Весь день? Ну да, тело будто одеревенело, наверное второй разряд станнера вырубил надолго.
— Более или менее, — язык тоже ворочался с трудом. — А вы здесь сколько? И что это за место?
Женщина передернула плечами: — Давай на «ты», коли мы соседи. Нас еще ночью привезли и раскидали по этим загонам. А тебя уже утром. Меня зовут Виктория, всю жизнь прожила в Питере, но не знала, что тут такое нагородили.
Лицо приятное, только каштановые волосы растрепались.
— А меня Лон, — хмуро сказал Метельский. — Похоже, здесь совсем недавно копали. И смахивает на лагерь, вон и часовой на вышке.
— Ну да. Нам сказали сидеть по боксам и не выходить.
Метельский еще раз огляделся: — Эти ямы они называют боксами? А как же в туалет? — Уже хотелось, пока по малому.
Женщина невесело посмеялась: — Выкопай себе ямку в углу. На, держи.
Она протянула Метельскому лопатку из жесткого пластика. Он повертел ее — туповата, как оружие не пойдет, — и стал рыть. Рыхловатую землю лопатка брала хорошо, можно подкопаться и под загородку, только ведь часовой увидит.
Подумав, он выкопал еще углубление для ног, а то сидеть на ровной земле неудобно, н вернул лопатку. — Отвернись, пожалуйста.
Сделал свое дело (неловко, рядом женщина), и повернулся к ней:
— Кто нас здесь держит? И кормят ли?
— Эти белые уроды, — Виктория кивнула на вышку. — И еду развозили утром. Зачем все это, не говорят… Да вот они, опять.
Вдали за соседним рядом появились две белые долговязые фигуры, и стали подходить, останавливаясь перед боксами. Дошли до конца и, повернув, приблизились к ним. Один подал пластиковые контейнеры Виктории и Метельскому. Он вздрогнул от прикосновения горячей четырехпалой руки. Другой сказал механическим голосом:
— Вы здесь временно. Проведем исследования метаболизма и отпустим. Выходить из бокса разрешается только для совокуплений. Потом сразу возвращаться, иначе получите болевой разряд.
— Чего? — Метельский едва не уронил контейнер, а хэ-ути уже шли дальше. Виктория хихикнула:
— Это они говорили и утром. Похоже, узникам разрешают развлечься.
— Ну и ну. — Метельский открыл контейнер: в одном отделении гречневая каша, в другом бутылочка с водой и ложка. Виктория набросилась на еду, а Метельский поковырял ложкой — невкусно, каша совсем не соленая — и отставил контейнер, только воду выпил. Виктория уже проглотила свою порцию.
— Ты что, больше не будешь?
— Невкусная. — Увидел, с какой жадностью она смотрит, и протянул контейнер. — Если хочешь, доедай.
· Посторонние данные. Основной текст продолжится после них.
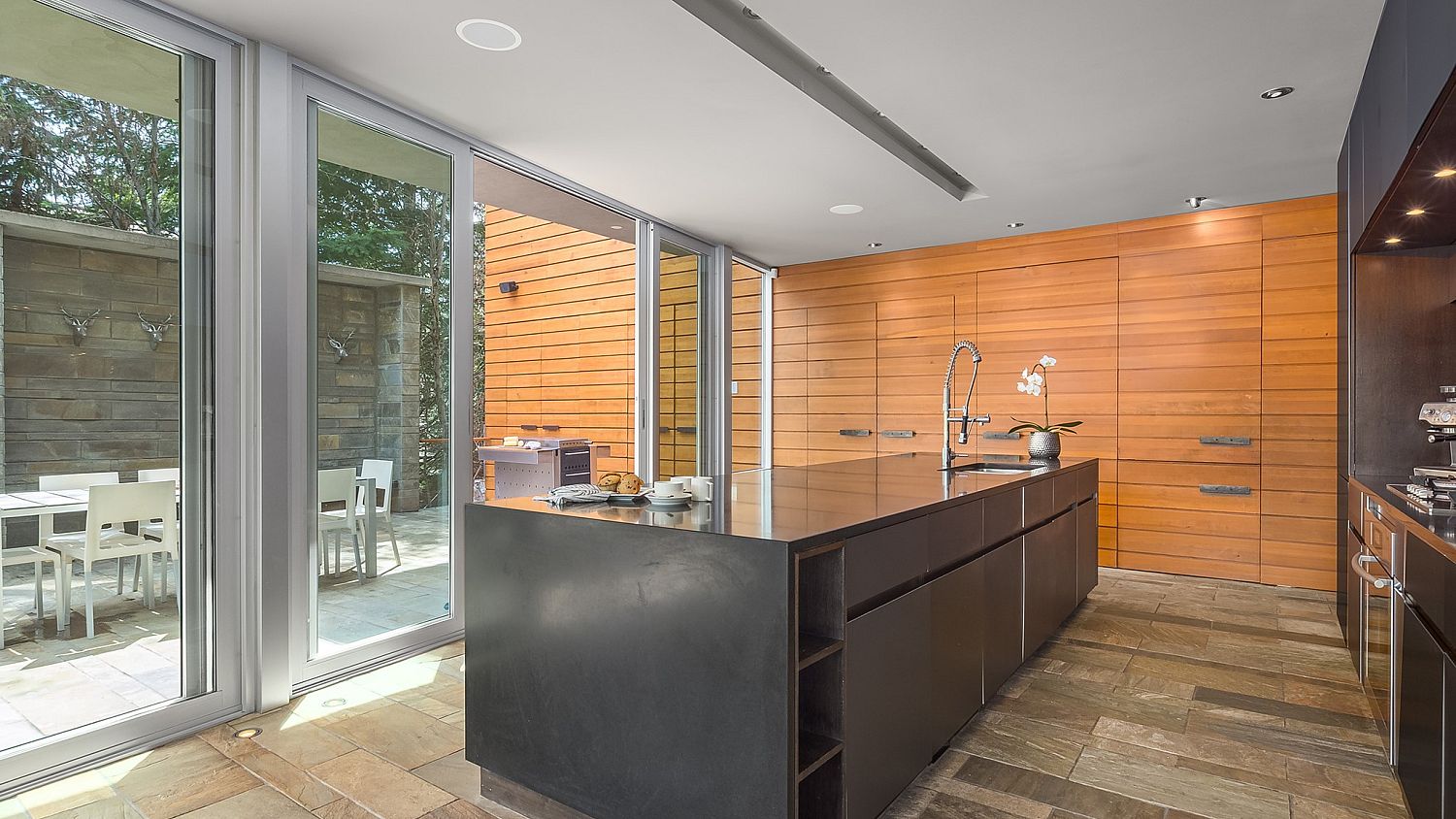 7452 Treetop Lane
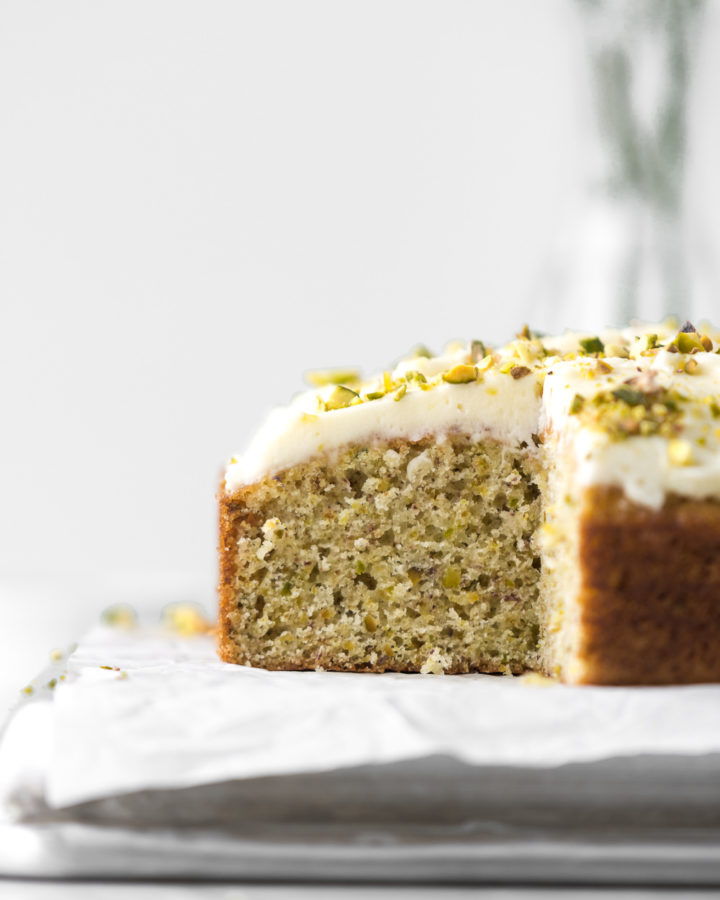 lemon pistachio cake recipe with mascarpone frosting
Я ел только с этого края.
Виктория выхватила контейнер и подчистила все, не разбирая краев.
— У вас голод, что ли? — спросил Метельский.
— А ты не знаешь? Продукты по карточкам, вообще мизер, и все время хочется жрать. Впервые наелась, спасибо.
Да, совсем забыл про голод. Это ему хорошо, с его-то деньгами. Он сел на землю, умостив ступни в углублении — от земли исходило явственное тепло. Подогрев наподобие теплого пола, что за ерунда? Смеркалось, из других загородок было слышно бормотание, темнеющий воздух дышал неопределенной угрозой. Что их ждет, не верится в эту сказочку про исследование метаболизма?..
Виктория опять прилегла: — Расскажи о себе, Лон. Что-то у меня тяжело на душе.
Метельский вздохнул: в подробности пускаться неохота, слишком запутанная у него история.
— Я из Москвы, — сказал он, — точнее из Москвы-2. Разыскивал жену, она тут пропала, в Питере. Лучше ты расскажи о себе. Такая симпатичная женщина, и вдруг брошена в какую-то яму. Ты как хоть жила?
Виктория стала охотно рассказывать: колледж, подруги, работа в какой-то фирме по благоустройству…
— Не замужем и не хочется. Сходишь во Дворец наслаждений, и с неделю на мужиков не тянет. Это моя подруга Светка… — и она пустилась в такие подробности, что жители села Иогач расплевались бы. Слушать было неловко, и одновременно возбуждало. Вдруг Виктория притихла.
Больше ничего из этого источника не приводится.